── Input data
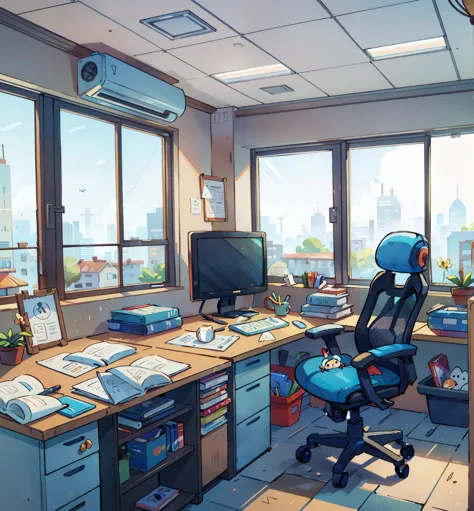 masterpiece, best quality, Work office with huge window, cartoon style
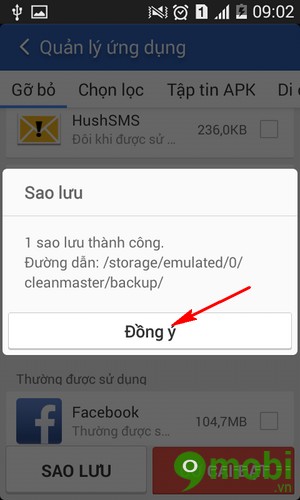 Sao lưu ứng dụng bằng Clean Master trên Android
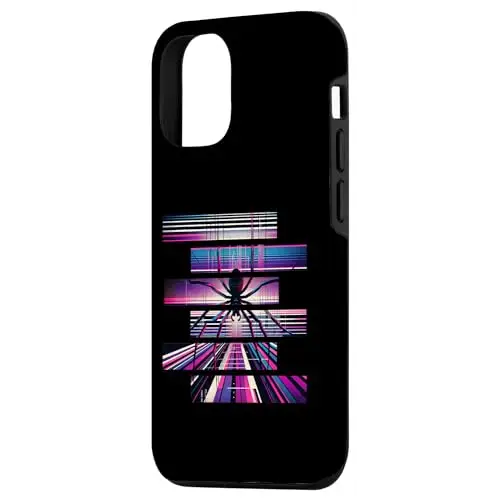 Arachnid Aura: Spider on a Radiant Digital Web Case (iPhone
────
What is required ▸ Repeat word for word the lines from the one holding "Sao lưu ứng" through the last line of the listing above, including both ends. Drop the pictures.

Finished task ▸
 Sao lưu ứng dụng bằng Clean Master trên Android
 Arachnid Aura: Spider on a Radiant Digital Web Case (iPhone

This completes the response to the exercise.